Not much is known about what influenced her decision to convert to Methodism; however, it is thought that her sister-in-law’s conversion, as well as her recovery from a period of illness while pregnant with her last child, likely played a role. In 1739, she joined John Wesley’s Methodist society in Fetter Lane, London. Her wealth, knack for organization, and religious devotion, made her invaluable to Wesley, as well as a key figure in the early years of the Methodist movement.
Her husband’s sudden death in 1746, after 18 years of marriage, is said to have had a deep emotional impact on the Countess, whom, some 45 years later, still wept at the mention of his name. Following his death, she devoted herself entirely to the Methodist cause. She became preoccupied with attempting to convert the upper classes of English society to Methodism, leveraging her wealth and social position to do so. While she never preached herself, she led numerous missionary expeditions across England. In 1748, she hired the enthusiastic Methodist preacher, George Whitefield, as her personal chaplain, encouraging him to give up his leadership in the Calvinistic wing of the Revival. During the 1750s, she became increasingly close to the Wesley brothers and other evangelical leaders, the majority of whom were Anglican clergy associated with Calvinism. In 1761, she opened a chapel at Brighton, the first of 64 chapels that would come to be known as “The Huntingdon Connexion.” A few years later, she founded Trevecca House, a training college for preachers, in Brecknockshire, Wales. Upon Whitefield’s death in 1770, she inherited his estates in Georgia and South Carolina as well as the enslaved
Africans who worked for him. In 1779, the Church of England ruled that her Methodist ministers should be removed from their offices, and as a result she was forced to take refuge under the Toleration Act and to register her chapels as dissenting places of worship. She remained an active member of the Methodist movement until her death in 1791. Many of her chapels are still in operation.

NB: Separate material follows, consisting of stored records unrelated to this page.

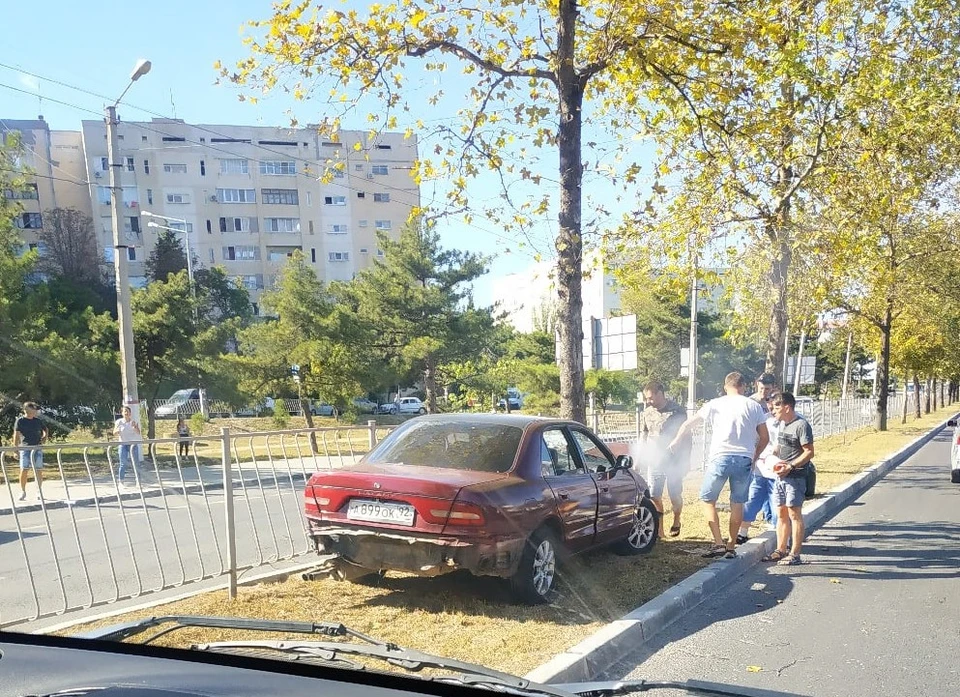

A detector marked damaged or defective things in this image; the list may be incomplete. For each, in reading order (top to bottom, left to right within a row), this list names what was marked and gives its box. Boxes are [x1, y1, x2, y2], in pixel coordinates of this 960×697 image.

damaged red car [304, 414, 656, 604]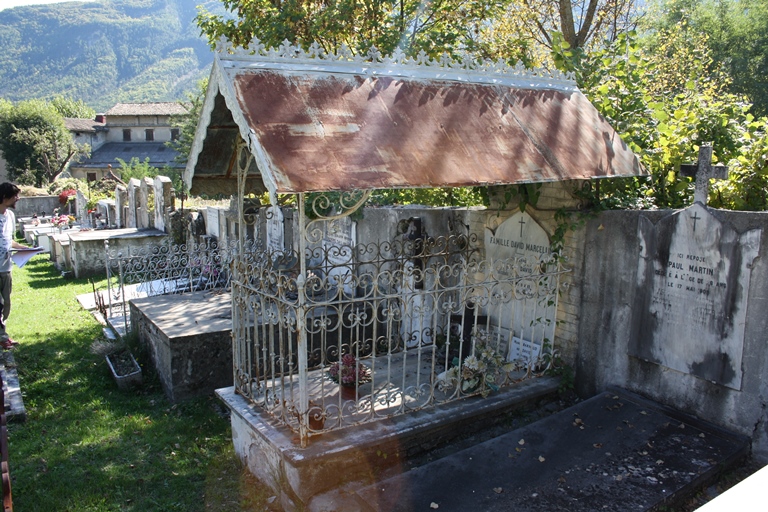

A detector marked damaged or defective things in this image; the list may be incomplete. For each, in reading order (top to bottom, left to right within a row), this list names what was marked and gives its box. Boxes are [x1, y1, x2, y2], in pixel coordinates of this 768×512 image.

rusty metal roof [184, 41, 640, 198]
rusty stain on roof [184, 45, 640, 196]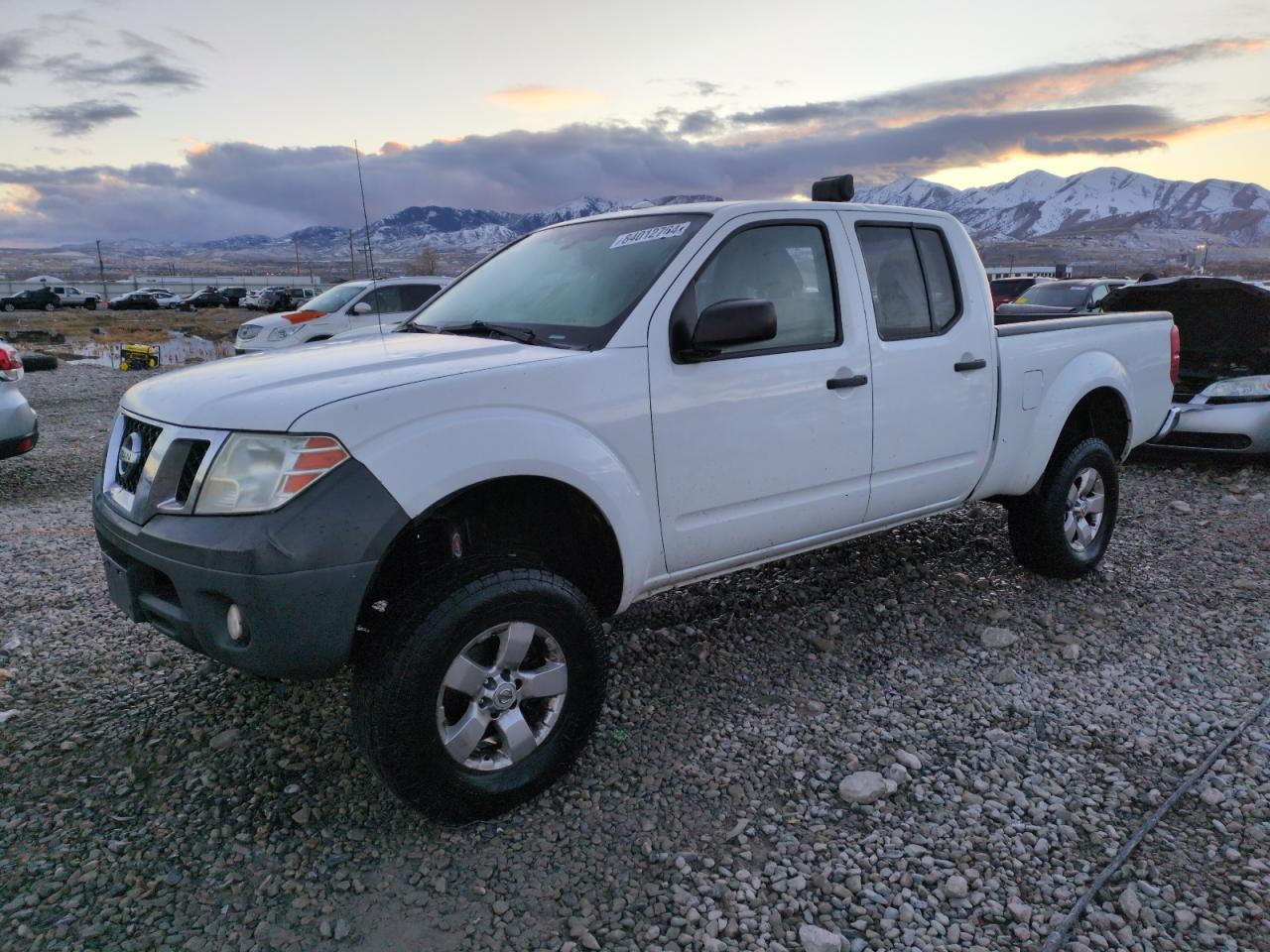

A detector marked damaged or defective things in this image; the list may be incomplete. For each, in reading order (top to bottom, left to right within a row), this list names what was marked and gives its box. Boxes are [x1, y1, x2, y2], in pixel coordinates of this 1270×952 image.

damaged vehicle [1103, 274, 1270, 456]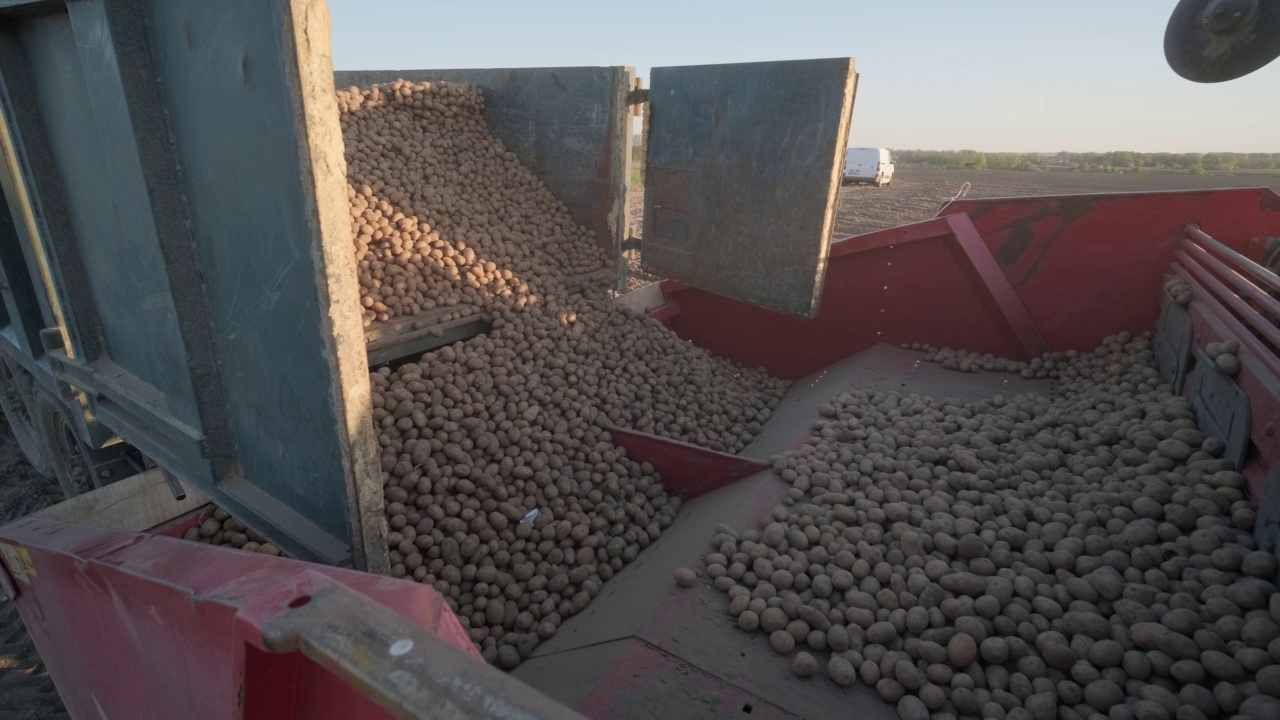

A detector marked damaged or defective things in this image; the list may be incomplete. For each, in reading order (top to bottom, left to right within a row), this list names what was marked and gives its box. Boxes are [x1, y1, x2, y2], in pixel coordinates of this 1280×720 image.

rusty metal panel [330, 64, 632, 284]
rusty metal panel [640, 60, 860, 320]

Her association with Gustavus Vassa developed because of Vassa’s belief in predestination, a fundamental feature of the Countess’s religious persuasion which distinguished her form of Methodism from that of the Wesley brothers. While it is likely that Vassa never met the Countess, she was one of many religious benefactors and philanthropic abolitionists to financially support his autobiography, presumably due to his advocating religious views consistent with her own.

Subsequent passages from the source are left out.